Penilaian tentang Kebenaran Opini dan Norma-norma
Mengapa orang memperjuangkan dan mempertahankan kebebasan opini? Karena kebebasan mengeluarkan opini demi memperjuangkan kebenaran. Namun, kebenaran ditentukan oleh norma-norma yang dianut masyarakat sesuai tempat, zaman dan waktunya. Membahas suatu masalah secara tidak langsung juga membahas standar opini atau opini publik. Norma adalah nilai standar tentang baik buruk tindakan dan opini seseorang yang selalu diukur dan dinilai baik buruknya. Nilai dan sistem nilai masyarakat (= sistem norma) pada akhirnya akan menentukan nilai dan derajat kebenaran suatu opini. Jadi dengan norma saja, kebebasan mengeluarkan opini sudah mengalami batasan alaminya.

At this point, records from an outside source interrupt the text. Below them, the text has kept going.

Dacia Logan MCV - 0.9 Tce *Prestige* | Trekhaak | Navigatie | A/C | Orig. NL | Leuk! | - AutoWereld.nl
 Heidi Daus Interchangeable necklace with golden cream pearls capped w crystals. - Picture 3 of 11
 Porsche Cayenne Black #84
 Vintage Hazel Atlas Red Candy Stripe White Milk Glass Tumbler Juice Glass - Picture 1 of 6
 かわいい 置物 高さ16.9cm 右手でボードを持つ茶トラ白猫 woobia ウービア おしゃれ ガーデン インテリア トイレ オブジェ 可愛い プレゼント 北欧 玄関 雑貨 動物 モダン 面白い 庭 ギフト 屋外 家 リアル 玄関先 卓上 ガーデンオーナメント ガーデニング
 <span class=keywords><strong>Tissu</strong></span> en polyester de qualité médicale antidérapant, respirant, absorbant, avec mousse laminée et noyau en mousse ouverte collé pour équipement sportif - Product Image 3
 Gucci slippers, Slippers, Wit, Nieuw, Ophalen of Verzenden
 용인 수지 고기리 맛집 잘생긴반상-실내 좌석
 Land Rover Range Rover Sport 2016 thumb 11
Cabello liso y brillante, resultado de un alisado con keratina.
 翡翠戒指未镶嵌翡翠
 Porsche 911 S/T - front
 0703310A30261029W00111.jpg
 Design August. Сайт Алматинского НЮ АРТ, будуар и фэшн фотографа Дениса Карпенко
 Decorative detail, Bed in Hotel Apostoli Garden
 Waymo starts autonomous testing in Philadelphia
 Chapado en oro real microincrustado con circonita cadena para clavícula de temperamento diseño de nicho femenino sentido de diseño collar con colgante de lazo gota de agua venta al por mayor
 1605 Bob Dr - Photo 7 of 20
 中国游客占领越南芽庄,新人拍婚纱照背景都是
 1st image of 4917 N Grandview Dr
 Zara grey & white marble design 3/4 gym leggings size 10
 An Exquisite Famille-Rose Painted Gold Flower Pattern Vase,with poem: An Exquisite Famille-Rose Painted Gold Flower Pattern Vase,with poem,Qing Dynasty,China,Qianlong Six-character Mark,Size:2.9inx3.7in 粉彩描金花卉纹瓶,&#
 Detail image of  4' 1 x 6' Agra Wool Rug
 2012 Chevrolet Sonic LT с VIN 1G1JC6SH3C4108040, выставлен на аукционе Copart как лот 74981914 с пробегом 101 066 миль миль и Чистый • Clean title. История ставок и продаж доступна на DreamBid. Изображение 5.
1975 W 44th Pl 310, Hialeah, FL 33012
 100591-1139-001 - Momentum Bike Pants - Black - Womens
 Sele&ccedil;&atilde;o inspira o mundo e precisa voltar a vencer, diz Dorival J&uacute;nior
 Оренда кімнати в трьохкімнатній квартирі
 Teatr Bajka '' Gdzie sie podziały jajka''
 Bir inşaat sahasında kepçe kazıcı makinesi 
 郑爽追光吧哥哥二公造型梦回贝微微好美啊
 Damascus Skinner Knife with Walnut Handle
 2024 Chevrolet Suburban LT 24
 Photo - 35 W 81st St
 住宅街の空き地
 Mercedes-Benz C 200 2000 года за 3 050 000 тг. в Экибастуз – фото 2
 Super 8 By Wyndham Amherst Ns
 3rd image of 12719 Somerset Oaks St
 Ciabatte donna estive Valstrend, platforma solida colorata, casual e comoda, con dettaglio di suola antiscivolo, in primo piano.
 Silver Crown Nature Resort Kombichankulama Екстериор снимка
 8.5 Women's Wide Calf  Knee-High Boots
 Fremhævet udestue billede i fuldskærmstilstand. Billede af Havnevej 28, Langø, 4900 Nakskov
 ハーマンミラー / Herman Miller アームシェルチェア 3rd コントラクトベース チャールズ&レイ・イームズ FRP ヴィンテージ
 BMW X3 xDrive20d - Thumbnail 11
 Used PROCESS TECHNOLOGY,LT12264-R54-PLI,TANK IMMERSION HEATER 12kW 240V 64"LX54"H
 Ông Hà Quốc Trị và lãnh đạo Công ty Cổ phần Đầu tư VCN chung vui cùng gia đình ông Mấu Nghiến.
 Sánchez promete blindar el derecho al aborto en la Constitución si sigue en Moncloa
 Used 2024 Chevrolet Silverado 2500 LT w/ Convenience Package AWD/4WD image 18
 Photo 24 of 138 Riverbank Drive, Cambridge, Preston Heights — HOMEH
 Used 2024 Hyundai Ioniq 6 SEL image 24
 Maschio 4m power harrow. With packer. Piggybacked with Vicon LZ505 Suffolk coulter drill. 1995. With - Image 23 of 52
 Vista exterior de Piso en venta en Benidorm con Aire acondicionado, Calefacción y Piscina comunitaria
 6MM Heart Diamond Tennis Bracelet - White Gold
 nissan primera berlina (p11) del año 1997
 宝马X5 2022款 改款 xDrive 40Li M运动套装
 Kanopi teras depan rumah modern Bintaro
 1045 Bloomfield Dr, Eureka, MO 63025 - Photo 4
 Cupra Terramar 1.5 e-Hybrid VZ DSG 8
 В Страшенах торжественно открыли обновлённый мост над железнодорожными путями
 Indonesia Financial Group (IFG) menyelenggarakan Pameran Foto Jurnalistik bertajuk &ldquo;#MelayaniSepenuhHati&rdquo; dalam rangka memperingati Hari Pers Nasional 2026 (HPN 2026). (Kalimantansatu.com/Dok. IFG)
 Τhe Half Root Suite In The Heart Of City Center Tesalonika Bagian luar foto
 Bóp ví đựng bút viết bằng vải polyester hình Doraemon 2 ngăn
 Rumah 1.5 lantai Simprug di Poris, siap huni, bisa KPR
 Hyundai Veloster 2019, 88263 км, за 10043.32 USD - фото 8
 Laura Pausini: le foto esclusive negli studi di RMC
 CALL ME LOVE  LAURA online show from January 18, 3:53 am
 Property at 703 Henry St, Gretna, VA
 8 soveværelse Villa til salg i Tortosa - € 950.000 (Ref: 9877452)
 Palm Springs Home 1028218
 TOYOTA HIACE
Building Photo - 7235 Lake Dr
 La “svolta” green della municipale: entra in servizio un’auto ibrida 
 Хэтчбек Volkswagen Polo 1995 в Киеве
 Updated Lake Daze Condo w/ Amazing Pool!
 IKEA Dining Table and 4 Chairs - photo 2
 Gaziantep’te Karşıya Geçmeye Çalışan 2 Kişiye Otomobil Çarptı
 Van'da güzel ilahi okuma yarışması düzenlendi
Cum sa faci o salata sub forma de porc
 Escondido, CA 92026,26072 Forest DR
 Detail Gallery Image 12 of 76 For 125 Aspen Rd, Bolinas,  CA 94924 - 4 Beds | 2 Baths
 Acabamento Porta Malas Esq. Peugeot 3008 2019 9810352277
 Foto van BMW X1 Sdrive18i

Kebebasan mengeluarkan opini akan diizinkan dan ditoleransi selama tidak bertentangan dengan norma-norma kelompok dalam masyarakat. Misalnya, foto bugil Anjasmara yang dimuat di media massa, surat kabar dan televisi(2005), foto ini sekadar dokumentasi untuk museum dan bukan untuk dipublikasikan sehingga tidak jadi masalah pemotretan itu dan tidak berarti apa-apa. Tetapi sebaliknya, menimbulkan kemarahan masyarakat melihat adanya perbedaan situasi foto terbatas yang dianggap punya nilai seni dan masuk dalam media massa (surat kabar dan televisi) yang dinilai murahan. Banyak pembaca surat kabar menyesalkan, seorang artis yang dalam sinetron yang hampir selalu berperan sabar dalam kehidupan sederhana, tiba-tiba berubah dalam penampilan, yang menimbulkan pro dan kontra. Jadi, jelas norma berbeda dari, Dan seterusnya....

Disadur dari Buku Opini Publik Pengarang Helena Olii Penerbit Indeks Jakarta [Bab 1 hal 1]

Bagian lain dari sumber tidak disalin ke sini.